Antwone Fisher, which tells the story of a man who survived abuse, neglect, racism, and other horrors, is a generically uplifting movie, filled with the kind of bluntly life-affirming feel-goodness you expect to see on a Sunday-night TV movie. This doesn’t make it bad in any particular way, merely unsurprising. Oscar-winning actor Denzel Washington, in his directorial debut, has crafted a noble, but largely undistinguished work, one that may very well make a lot of people feel warm and fuzzy inside, but is also quickly forgettable.
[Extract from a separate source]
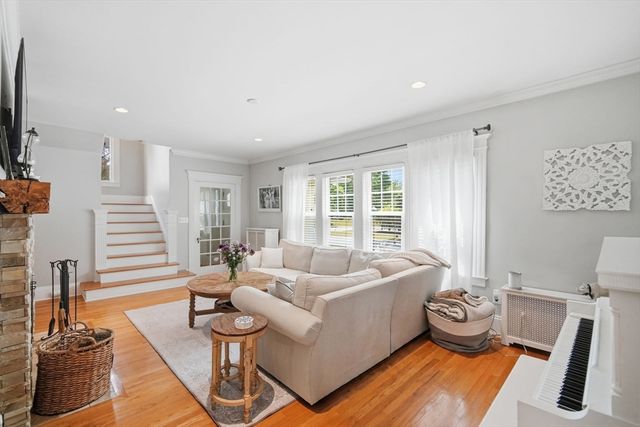 26 Hazelwood Ave, Longmeadow, MA 01106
As is well known by now, Antwone Fisher was written by the man of the name, who turned his life story into a screenplay and, against all odds, sold it to the studio where he was working as a security guard. Quite a few critics have complained that the self-hagiography displayed by Fisher is nothing short of nausea-inducing. And, while I don’t fully share that sentiment, it is hard not to find what Fisher has done somewhat distasteful and self-serving, although how exactly it differs from someone publishing a memoir or an autobiography is not clear unless we take into account the cultural assumption that movies are a more self-serving and, by extension, lower art form than the written word. The fact that there is a movie about a previously unheard-of man named Antwone Fisher called Antwone Fisher that was written by Antwone Fisher might strike some as a bit crude, especially since his story is, despite its uplifting trajectory, quite ordinary.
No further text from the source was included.